In weightlifting, the back squat is the most popular exercise. Many athletes are interested in it, as it builds lower-body muscle (glutes and hamstrings). But it’s also possible to increase your muscular strength with one of its variants: the front squat. Here, WODANDGO explains the benefits of this exercise and how to perform it successfully.
Benefits of front squats
The front squat is a healthy way to lose weight and build muscle. It offers you a way to expend energy and differs from the back squat in the position of the bar. This movement stimulates the quadriceps and anterior thigh muscles while keeping the torso upright and balanced.
For front squats, you need to maintain a constant upright posture. During your training, protect your joints with weightlifting accessories (knee pads, wrist guards…) available from WODANDGO. We offer a wide range of equipment for healthy cross-training. Our approach is based on quality, and all our products are tested in real-life situations by professionals.
You can practice this activity at home, alone or in a group. This saves you time, gives you greater flexibility and lets you develop at your own pace.
Training techniques for successful front squats
If you’re new to weightlifting, practice with traditional squats before starting the front variant. Next, place the barbell in the rack at chest height and spread your hands to catch it. Their position should be more than shoulder-width apart.
Bend your knees, point your elbows forward and gently remove the bar from the rack. Take a step back, spread your feet shoulder-width apart and turn them slightly diagonally.
Keep your heels firmly on the floor, then bend your knees again until your thighs are on the ground. During the front squat, keep your posture upright and your torso clear to return to the starting position. Repeat the exercise several times for rapid results.
Tips for overcoming front squat difficulties
If your wrists or forearms aren’t supple, you may find it difficult to position your hands correctly when performing front squats. Start by warming up this part of your body. Cross your fingers and rotate them back and forth for a few minutes.
Another tip: cross your arms when you grab the bar and hold it against your shoulders. However, this technique is not recommended for lifting heavy discs. Keep this in mind and make adjustments as you progress.
And don’t neglect the position of your elbows during movement, to avoid being thrown off balance. Make sure they’re facing the ceiling. You can also vary the closeness or spacing of your hands when performing these exercises.
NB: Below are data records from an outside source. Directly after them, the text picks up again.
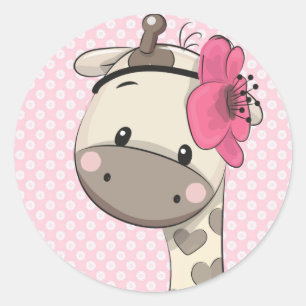 Aangepaste Baby roze Giraffe Klassieke ronde Stick Sticker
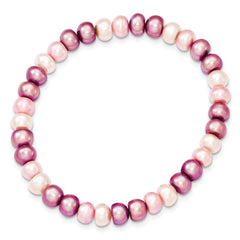 6-7mm White, Lavender and Pink Button Freshwater Cultured Pearl Stretch Bracelet QH4908
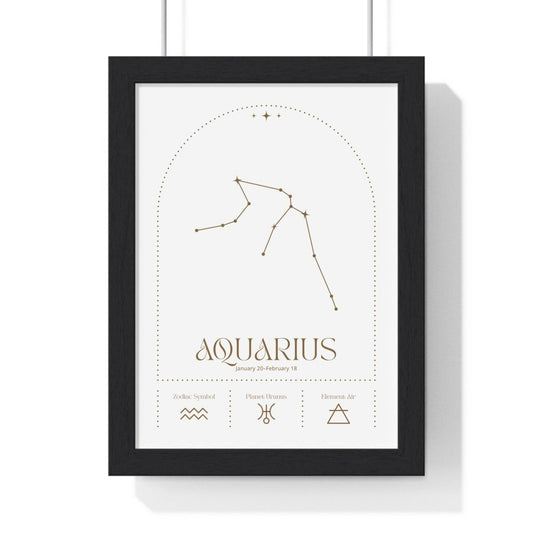 Aquarius Minimalist Astrology Chart Poster - Art Print - Poster Kingz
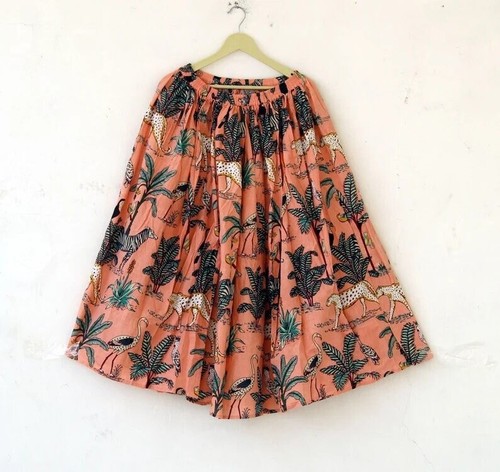 Jupe longue florale coton - jupe,
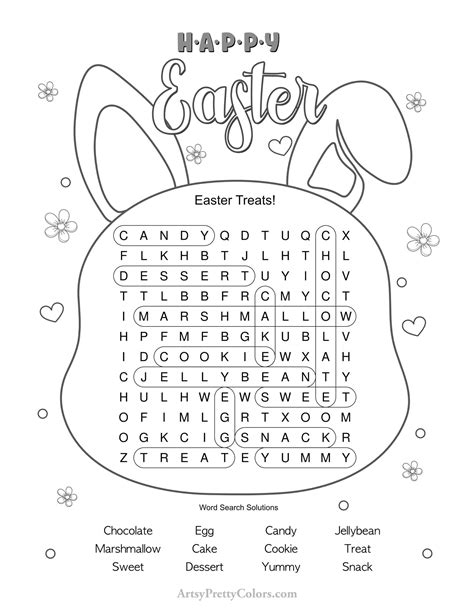 Free Easter Word Search Printable Puzzles Uncover The Fun Artsy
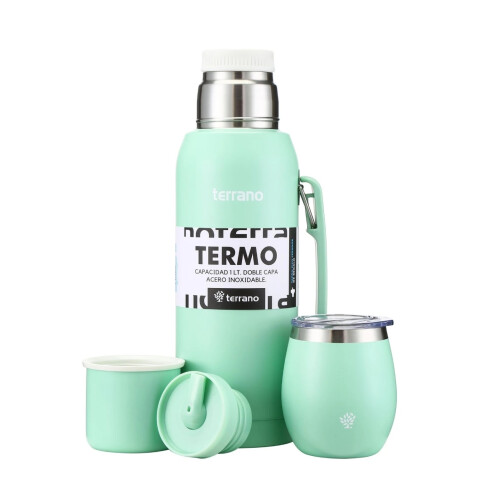 SET DE TERMO 1 LT Y MATE ACERO TERRANO SET DE TERMO 1 LT Y MATE ACERO TERRANO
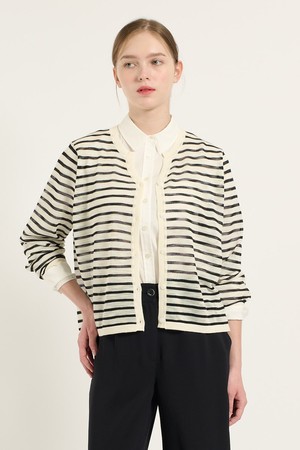 [25FA] 스트라이프 니트 가디건 - WHITE B5C7K17910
The key is to find the ideal position for your front squats.
Other movements that facilitate the front squat
To strengthen your muscles, the front squat is an effective exercise. You can, however, supplement it with variations to improve your performance.
Common exercises
Practice the front squat with your heels raised to improve ankle mobility and calf flexibility. Place plates under your feet and lower them further as you perform the exercises. This gives you greater amplitude and optimizes quadriceps strengthening.
The goblet squat is an ideal solution for those who are not yet comfortable with a barbell. Hold a kettlebell or dumbbell close to your chest to simulate a goblet squat. This exercise strengthens the legs and helps support weight at the front of the body.
The staggered front squat with kettlebell is also recommended. This advanced form of the previous variant gives you a more muscular stomach. Shift the disc to one side to train your stabilizing muscles and improve your balance. You can also use rubber bands to add resistance in the upward phase of this exercise.
How and why do overhead squats?
The overhead squat is another muscle-building variation you can try. It involves holding a weighted barbell above your head with your arms extended. This exercise improves mobility and strengthens shoulder and stomach muscles. It mobilizes the thoracic spine, ankles and hips, and is ideal for preparing you for the front squat.
Unlike the back squat, theoverhead lift does not involve lifting heavy discs. It does, however, require concentration and calls on more muscle groups simultaneously.
In conclusion, the front squat offers an effective alternative to the back squat for muscle strengthening. It targets the quadriceps and provides vertical support. Use the right techniques and choose appropriate variations to achieve great performance.